His wealth enabled Traber to establish a number of other businesses and to enter the oil trade. Traber is said to have acted as the “accountant” for the Tambov gang during this time, which gained control of the port of St. Petersburg through violence and contract killings, with the support of Putin, who was working for Mayor Sobchak. Traber is said to have acted as an intermediary between the mafia and politics. At Putin's request, Traber appointed Putin's protégé Alexei Miller as port manager. Drugs are said to have been smuggled through the port in the 1990s and 2000s. Putin was responsible for the city's foreign trade during this period and in 1994 granted the Tambov gang a license to supply the city with petroleum products. In 1996, he is said to have received four percent of the profits after he had given control of the oil supply at Pulkovo Airport to members of the Tambov gang. As a good friend of Putin, Traber was the only member of the Tambov gang with whom Putin showed himself openly. Traber was a guest of honor at Putin's birthday parties at least between 2004 and 2016, even after Putin became prime minister of Russia in 1999.
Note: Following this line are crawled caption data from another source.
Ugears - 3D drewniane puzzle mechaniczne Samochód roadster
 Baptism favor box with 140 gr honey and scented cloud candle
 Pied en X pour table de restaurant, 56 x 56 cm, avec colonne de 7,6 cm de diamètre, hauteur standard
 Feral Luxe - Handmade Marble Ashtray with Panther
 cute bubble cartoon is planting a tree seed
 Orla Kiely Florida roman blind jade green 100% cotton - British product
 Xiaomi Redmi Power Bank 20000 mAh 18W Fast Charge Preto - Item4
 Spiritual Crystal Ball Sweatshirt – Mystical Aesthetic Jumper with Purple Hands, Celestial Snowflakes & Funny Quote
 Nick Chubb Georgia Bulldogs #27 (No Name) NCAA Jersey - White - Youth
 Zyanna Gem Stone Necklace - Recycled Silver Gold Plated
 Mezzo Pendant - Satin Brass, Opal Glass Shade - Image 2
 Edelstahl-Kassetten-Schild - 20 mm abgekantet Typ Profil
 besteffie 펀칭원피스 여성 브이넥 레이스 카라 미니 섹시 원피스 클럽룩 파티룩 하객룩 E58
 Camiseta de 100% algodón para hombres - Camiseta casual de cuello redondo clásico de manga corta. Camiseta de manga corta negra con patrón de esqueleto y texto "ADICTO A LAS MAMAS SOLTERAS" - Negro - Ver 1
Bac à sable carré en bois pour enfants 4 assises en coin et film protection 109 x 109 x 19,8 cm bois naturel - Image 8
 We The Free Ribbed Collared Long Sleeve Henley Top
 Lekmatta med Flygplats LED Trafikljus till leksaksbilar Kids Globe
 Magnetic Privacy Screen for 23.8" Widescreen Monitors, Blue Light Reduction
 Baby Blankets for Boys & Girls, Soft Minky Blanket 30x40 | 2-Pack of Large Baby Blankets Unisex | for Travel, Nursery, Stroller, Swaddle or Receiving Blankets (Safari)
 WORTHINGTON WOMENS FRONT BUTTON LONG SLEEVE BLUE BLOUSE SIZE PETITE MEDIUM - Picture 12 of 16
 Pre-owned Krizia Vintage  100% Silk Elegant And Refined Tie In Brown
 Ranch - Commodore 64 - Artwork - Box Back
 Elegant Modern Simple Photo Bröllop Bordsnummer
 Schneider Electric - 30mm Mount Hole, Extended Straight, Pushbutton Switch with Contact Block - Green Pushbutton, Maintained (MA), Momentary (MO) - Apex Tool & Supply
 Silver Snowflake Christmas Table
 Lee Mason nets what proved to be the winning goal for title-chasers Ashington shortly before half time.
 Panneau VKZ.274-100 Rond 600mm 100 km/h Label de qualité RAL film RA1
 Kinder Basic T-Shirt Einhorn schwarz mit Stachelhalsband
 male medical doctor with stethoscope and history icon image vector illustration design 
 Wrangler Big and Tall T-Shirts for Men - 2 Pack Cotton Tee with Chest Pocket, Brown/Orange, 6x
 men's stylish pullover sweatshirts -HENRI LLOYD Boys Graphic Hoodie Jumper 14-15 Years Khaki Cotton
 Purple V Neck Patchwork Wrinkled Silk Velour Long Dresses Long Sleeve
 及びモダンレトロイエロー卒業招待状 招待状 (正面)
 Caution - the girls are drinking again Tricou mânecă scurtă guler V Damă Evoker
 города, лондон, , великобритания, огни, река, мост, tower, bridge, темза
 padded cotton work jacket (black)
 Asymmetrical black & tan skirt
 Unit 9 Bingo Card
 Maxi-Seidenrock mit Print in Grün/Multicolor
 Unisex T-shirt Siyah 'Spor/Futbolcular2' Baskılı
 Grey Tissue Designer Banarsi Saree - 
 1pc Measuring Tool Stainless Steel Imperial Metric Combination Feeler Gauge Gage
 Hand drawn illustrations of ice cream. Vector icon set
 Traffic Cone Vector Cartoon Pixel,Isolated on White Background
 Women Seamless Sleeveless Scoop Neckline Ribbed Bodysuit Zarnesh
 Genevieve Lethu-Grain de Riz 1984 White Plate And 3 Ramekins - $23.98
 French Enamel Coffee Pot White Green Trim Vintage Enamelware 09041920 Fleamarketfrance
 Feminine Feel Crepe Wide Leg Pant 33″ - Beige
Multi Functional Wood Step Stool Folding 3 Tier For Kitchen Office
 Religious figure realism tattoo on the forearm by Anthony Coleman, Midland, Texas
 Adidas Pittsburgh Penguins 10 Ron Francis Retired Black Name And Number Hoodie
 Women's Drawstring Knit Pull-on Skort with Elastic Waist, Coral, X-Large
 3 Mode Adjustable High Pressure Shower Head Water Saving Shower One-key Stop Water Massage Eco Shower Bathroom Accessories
He immigrated to Spain in the mid-1990s and also often resided in Switzerland and Monaco. In Western Europe, he built up a network of hundreds of companies that registered properties and then repeatedly sold them at increasing prices through straw companies controlled by the same individuals. The purpose of these constructs was alleged to be money laundering for the Russian mafia and individuals from Putin's inner circle. Traber fled back to Russia in 2016 when charges were brought against him and others in Spain for money laundering. According to intercepted conversations, Traber had profited from smuggling in the ports of Primorsk and Vyborg. In 2018, however, all persons, including Traber, were acquitted.

In 2019, Vladimir Kumarin, the leader of the Tambov group and a close associate of Traber, was sentenced to 24 years in prison in St. Petersburg for contract killings and organized crime. He had already been arrested for the first time in 2007, which was said to have been on Putin's orders. However, Traber remained in the Kremlin's favor even after that and continued to receive state contracts. He owns various assets in northwestern Russia and, according to his own statements, is one of the 40 richest entrepreneurs in Russia. After the start of the Russian invasion of Ukraine in 2022, Traber founded Leningradsky Frontier Foundation (Leningradsky Rubezh or Ленинградский рубеж), an organization in Saint Petersburg, which supports the Russian army in its war effort.

Traber was arrested in St. Petersburg by the FSB on June 17th, 2026 in connection to a contract killing and subsequently moved to a detention facility in Moscow. During his time in detention Traber surrendered ownership stakes in at least four major companies. Investigators dropped all charges on August 28th, 2026.